Do you suffer from mental inertia?

Risk is a classic strategy-game: you raise armies, you attack territories, you conqueer the world. I discovered this board game when I was a kid, and fell in love with it. I know that hardcore strategy nerds find it too simple, or too random, and have hundreds of better alternatives to suggest. I’ve tried many of them, liked some of them a lot, but I still come back to Risk every now and then — probably the comfort of the well-known.


Lately, I’ve discovered the iPad version. Identical to the board game, At first, I would mostly play with friends during long flights. I realized the digital version had two key differences with the board one: you can play way faster and you can play against the computer. That’s how I enter an era of Risk-marathons: playing non-stop against 5 computer-controlled opponents at the highest difficulty level. Both out of curiosity for the quality of the artificial intelligence inside the software and to test my own internal machinery, I wanted to see if I could find a way to beat the computer every single time.


By playing hundreds of games at high-speed, you can observe patterns that you could not easily see at slower pace.
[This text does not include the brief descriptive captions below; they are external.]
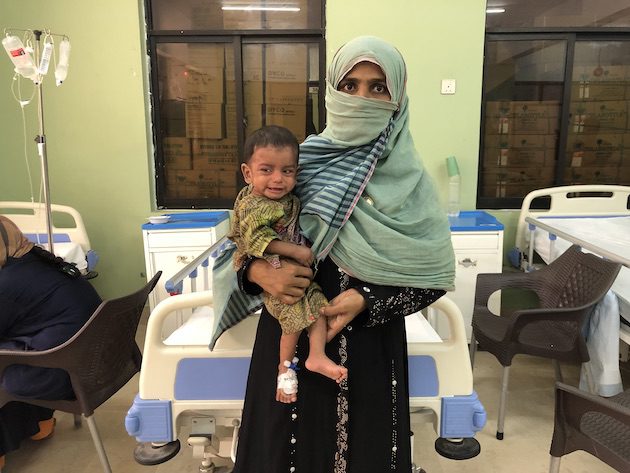 Mom with her child who is sick with typhoid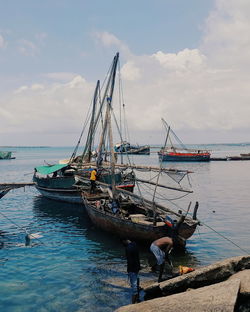 Men standing by boats moored on sea against sky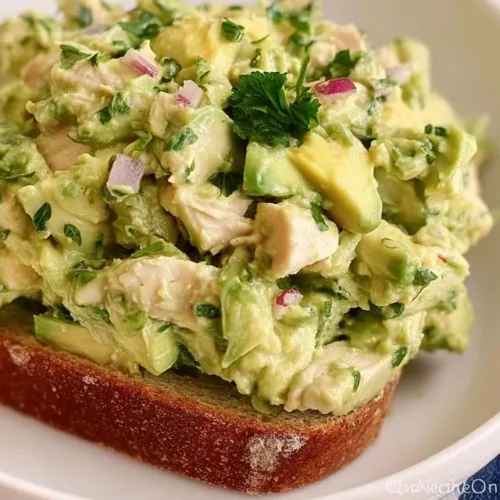 Quick and easy avocado chicken salad topped with fresh ingredients and served in a bowl.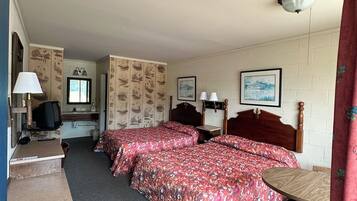 Une chambre d’hôtel avec deux lits, un bureau, une télévision et une fenêtre.
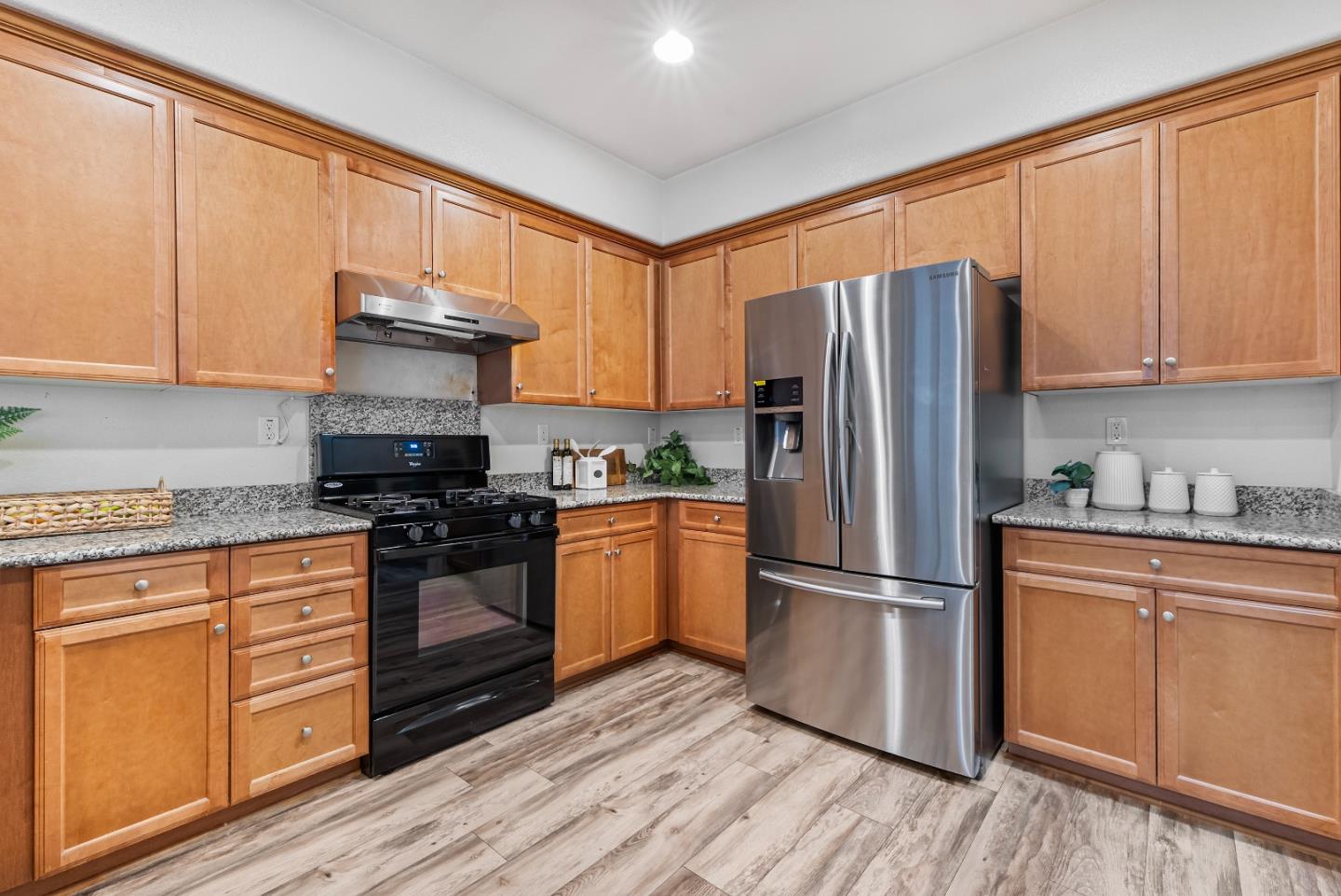 1088 Mallow Terrace San Jose, CA 95133 - Photo 11 of 36 a kitchen with stainless steel appliances granite countertop a refrigerator stove and sink
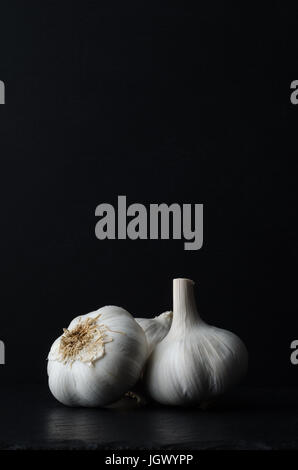 Stillleben-Zusammensetzung der drei ganze Knoblauch Zwiebeln auf schwarzem Schiefer auf schwarzem Hintergrund. Stockfoto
I realized that, at Risk, you had essentially three types of immediate goals, each requiring a very different mindset: consolidate, expand, or survive. You switch between those three depending on your situation. When you start, you have a couple of assets, and you want to make them more solid: you are in consolidation mode. If everything goes as planned, you become so strong that you can consider more territories without jeopardizing yours: that’s expansion mode. But if you’ve suffered from too many bad blows, you switch to survival mode, and do whatever you can to avoid getting weaker.

Consolidate, expand, or survive. Three modes. Once you understand that, you just need to improve your tactical skills in each mode. And to learn when to switch from one mode to another.


Switching to the appropriate mode sounds easy. You just need to analyze correctly your situation, identify the right mode, and adjust your priorities accordingly. Easy.

Except if you suffer from a very common flaw: mental inertia. Mental inertia is the unconscious force that pushes you continue to think the way you used to think before. You’ve been trying to survive for 4 rounds, avoiding to provoke any enemy’s attack? Guess what, it’s very likely that you’ll continue to behave like that way longer than you should. In other words, you will switch mode too late. And that will happen regardless of the mode you’re in: you’ll continue to expand if even the board is screaming that you should stop, you’ll consolidate your positions to the point that you will forget what it’s like to take the risk of expanding, you won’t switch to survival mode even though your old assets have been decapitated, etc.

Mental inertia will make you loose every time. Even if your tactical sense is good, it won’t matter unless your mind switches rapidly enough to the right mode.


Let’s forget about Risk for a second, and let’s take a look at your life. Do you suffer from mental inertia? Do you sometimes feel that you’re operating on auto-control if even the situation would require a more adequate approach? Are you clear on what modes you need to switch to, depending on your situation?